Portrait miniature painter, Thomas Heathfield Carrick (4 July 1802 – 1874) was born here.

Artist, Thomas Bushby (1861 – 1918) came to Carlisle in 1844 to work for Hudson Scott and Sons (now the Metal Box Company) as a designer. He painted in watercolours and exhibited at the Royal Academy. His paintings of local cottages featured in a series of coloured postcards printed by Chas. Thurnam of Carlisle, and numerous scenes around Carlisle were published as postcards in the "Dainty" series by ETW Dennis, including a set of six Lake District views. Perhaps he did not actually live in Upperby, but so many of his paintings feature scenes from Upperby, Brisco, Blackwell or Cummersdale as to suggest that he must have known these localities very well.

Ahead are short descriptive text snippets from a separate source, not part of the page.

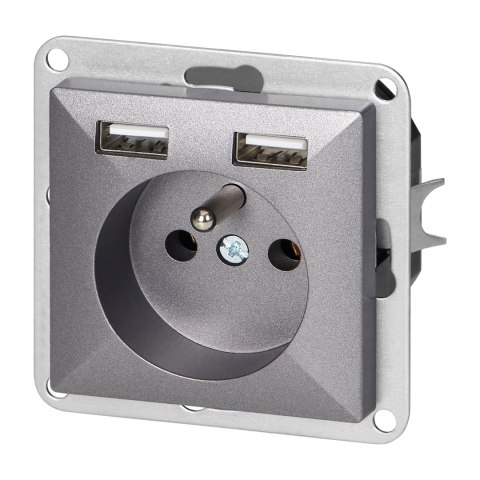 Gniazdo pojedyncze p/t 2P+Z z ładowarką Pearl, 16A, 250V, PT-16P/USB, antracyt
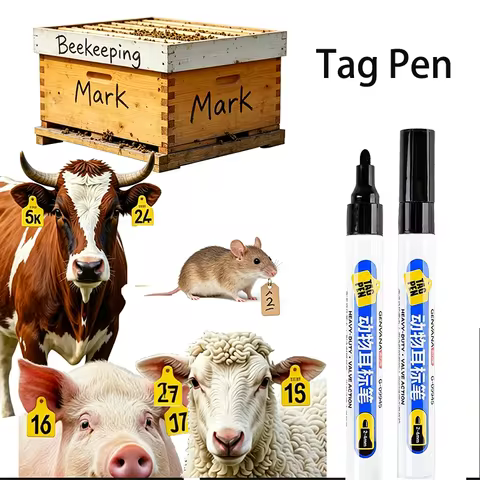 3/6/12PCS Ear Tag Marker Pen – Water, Urine & Manure Proof, Fade & Wear Resistant – Oil Ink for Live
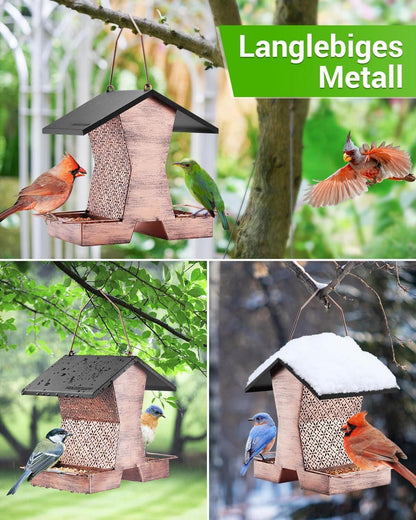 Vogelfutterhaus Metall für Vögel Garten Balkon Wetterfest Hängend
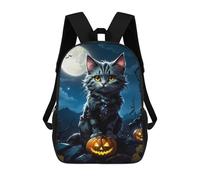 sinyumoney Black Cat on Pumpkin Zaino scolastico stampato 3D per ragazzi e ragazze, zaino per computer portatile per bambini/studenti/adulti, Zucca Cat, 17"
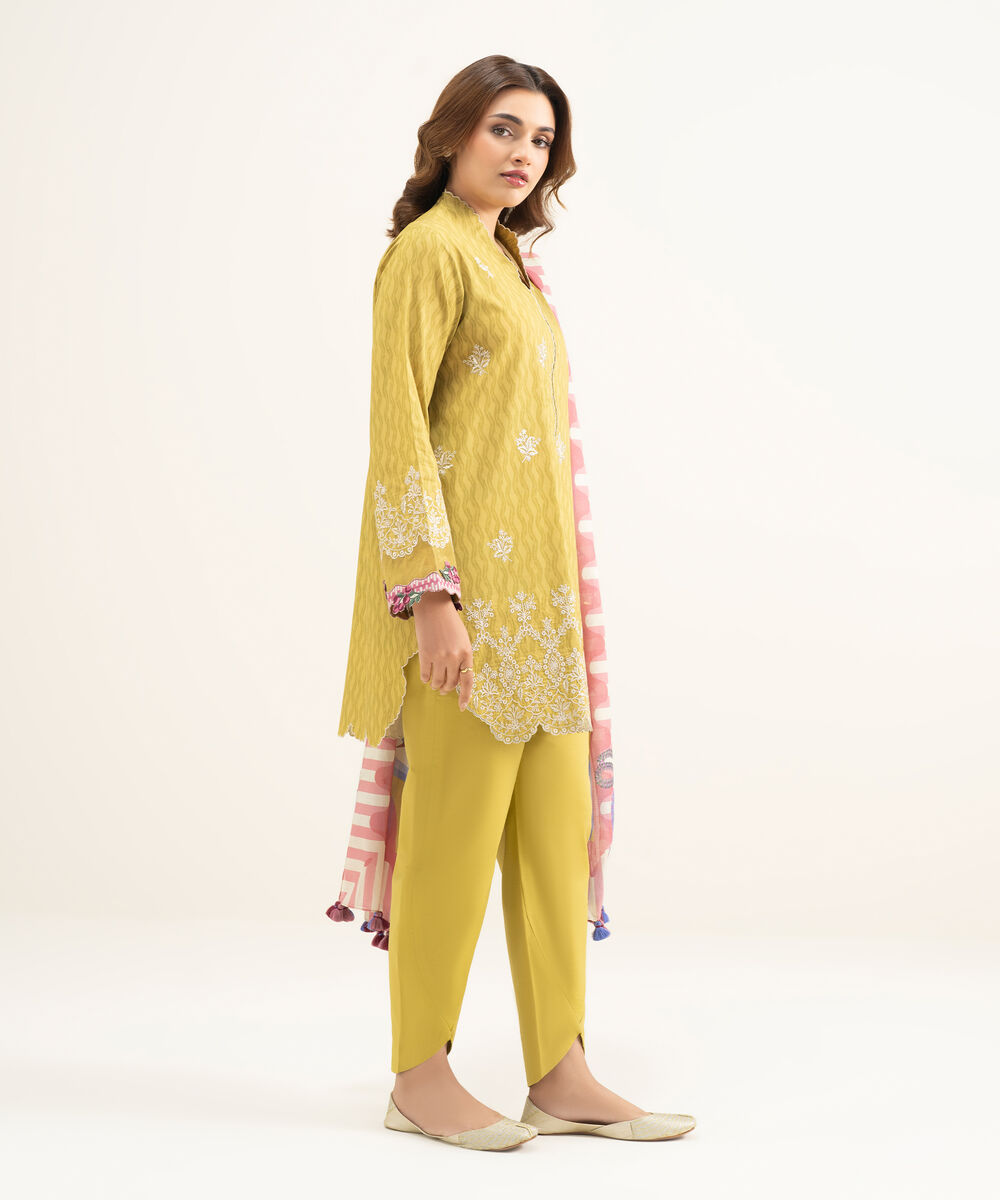 Women's Unstitched Lawn Yellow Embroidered 3 Piece Suit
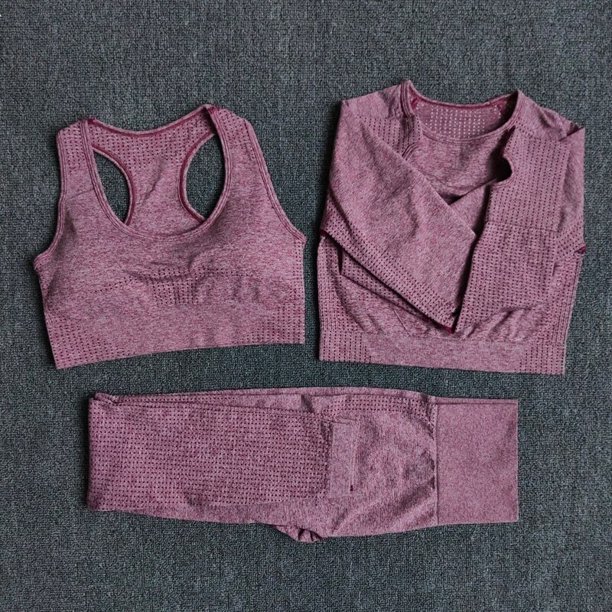 2/3/5 Uds. Conjunto de Yoga sin costuras para mujer, ropa deportiva de entrenamiento, ropa de gimnasio, Top corto de manga larga, mallas de cintura alta, trajes deportivos Tan Jianjun unisex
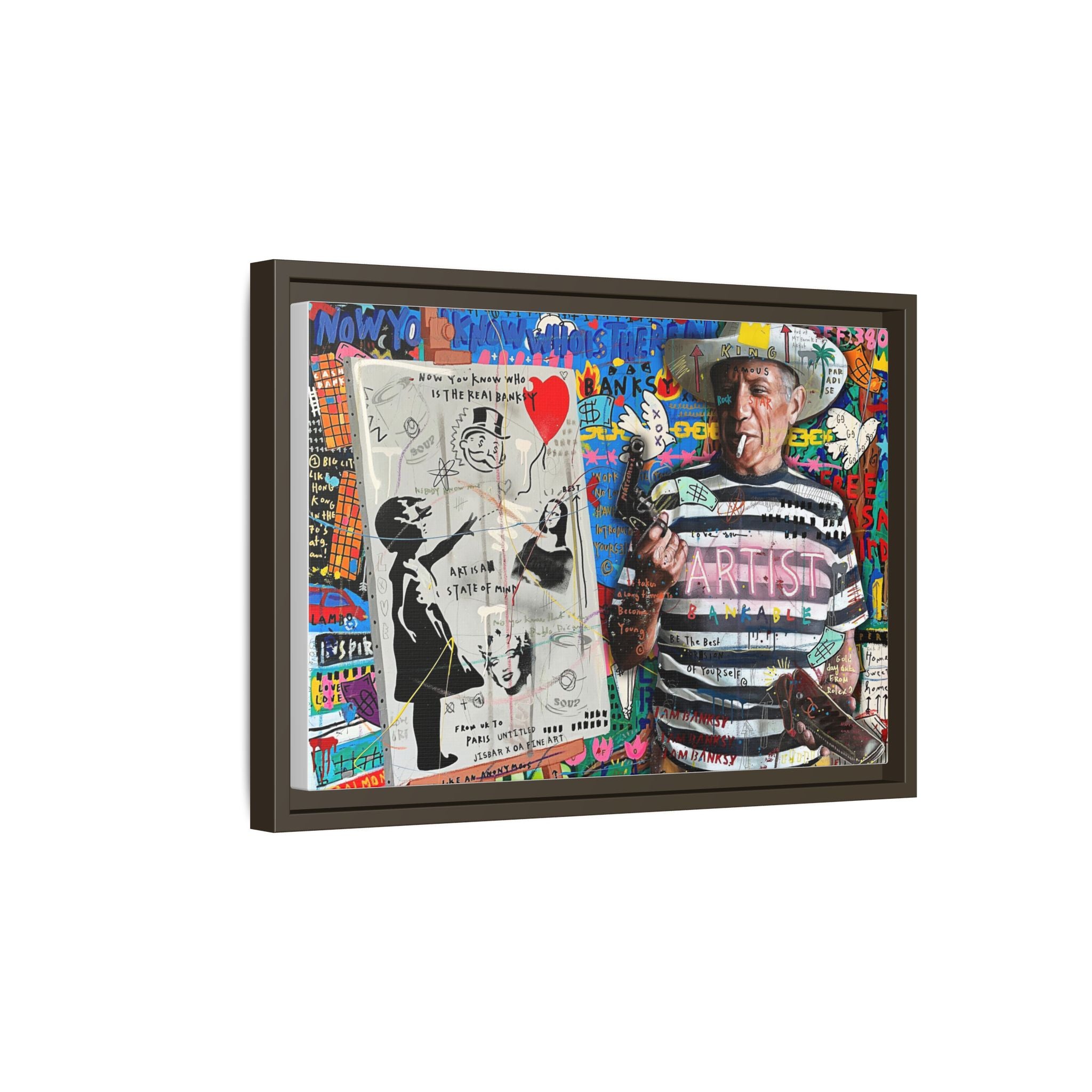 Bankable Rebellion: Street Art Collage, Banksy-Inspired Social Commentary, Urban Creative Expression - Canvas Wall Art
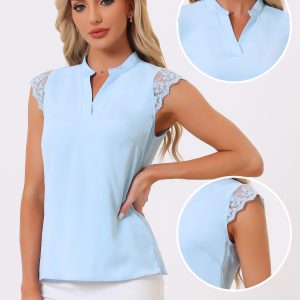 Work Top Office Lace Cap Sleeve Basic Shirt Blouse Sky Blue/XL - Allegra K catalog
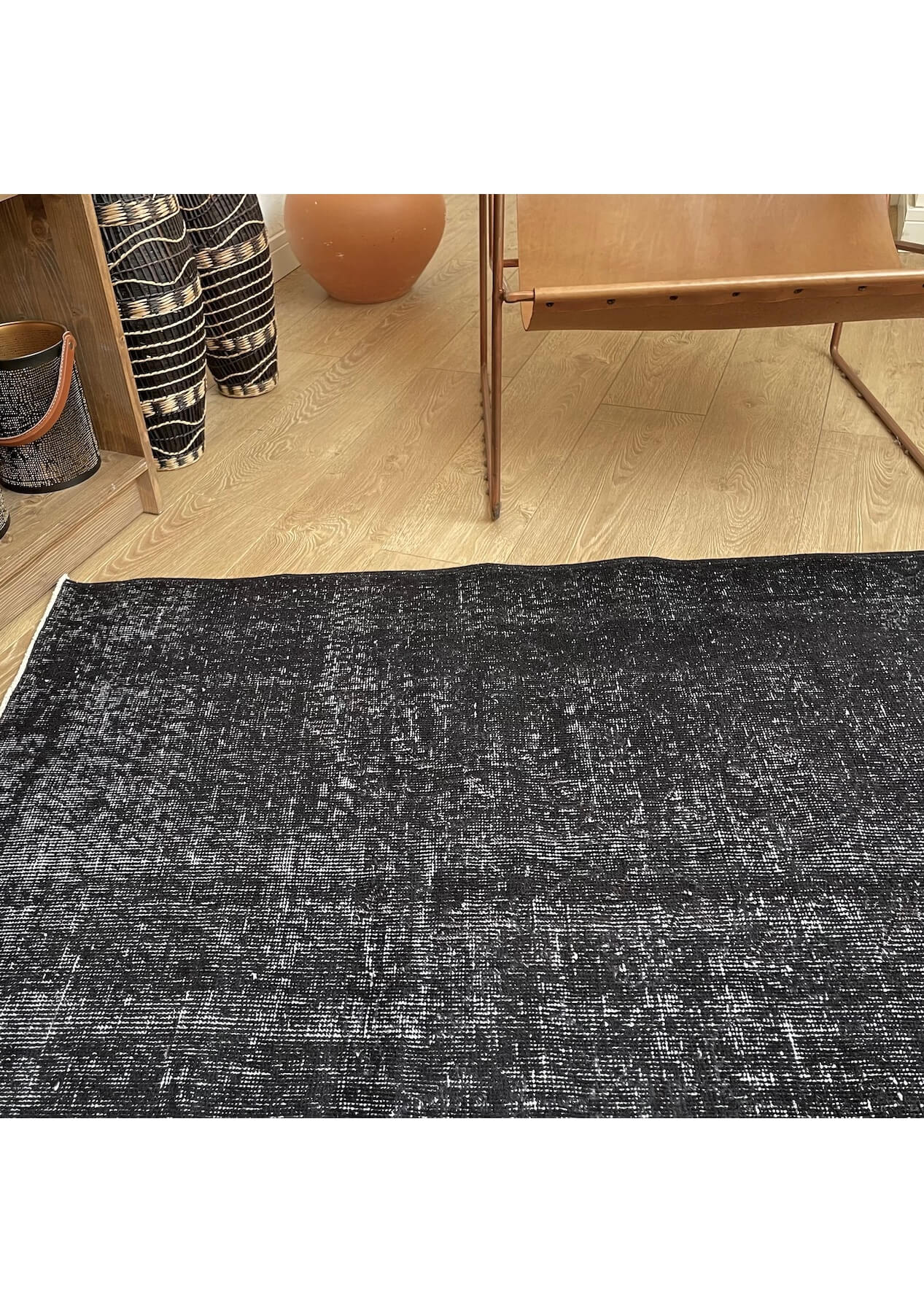 Sylvia - Vintage Black Overdyed Rug - kudenrugs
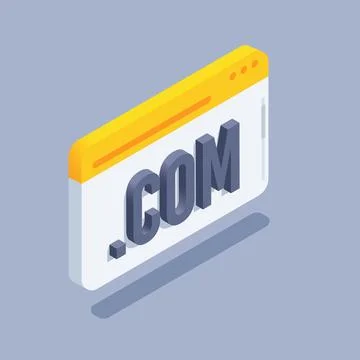 Isometric vector illustration on gray background, browser window and letterin 스톡 일러스트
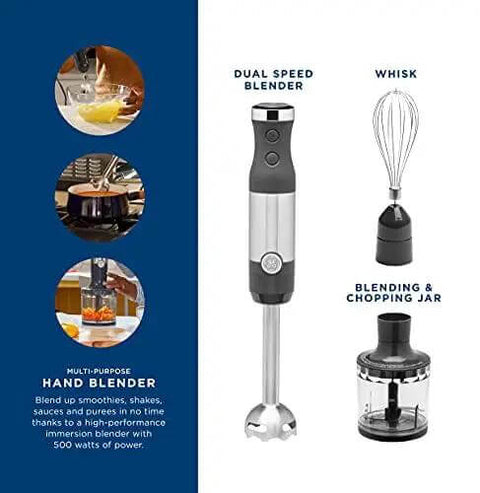 No Sweat 500 Watt Stainless Steel Immersion Blender With Removable Whisk And Spout Blending Jar For Thick Smoothies Quick Purees And Bold Homemade Sauces Dual Speed Hand Blender Kit displayed with whisk and chopping jar.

Author and journalist, George MacDonald Fraser (2 April 1925 – 2 January 2008) was born and brought up in Currock, close enough to Upperby to be known locally as "Dr. Fraser's boy". He is best known for the Flashman series of novels, and Quartered Safe Out Here, an autobiography of his wartime experiences in Burma with the Border Regiment. After the war he was commissioned in the Gordon Highlanders and later was deputy editor of the Glasgow Herald.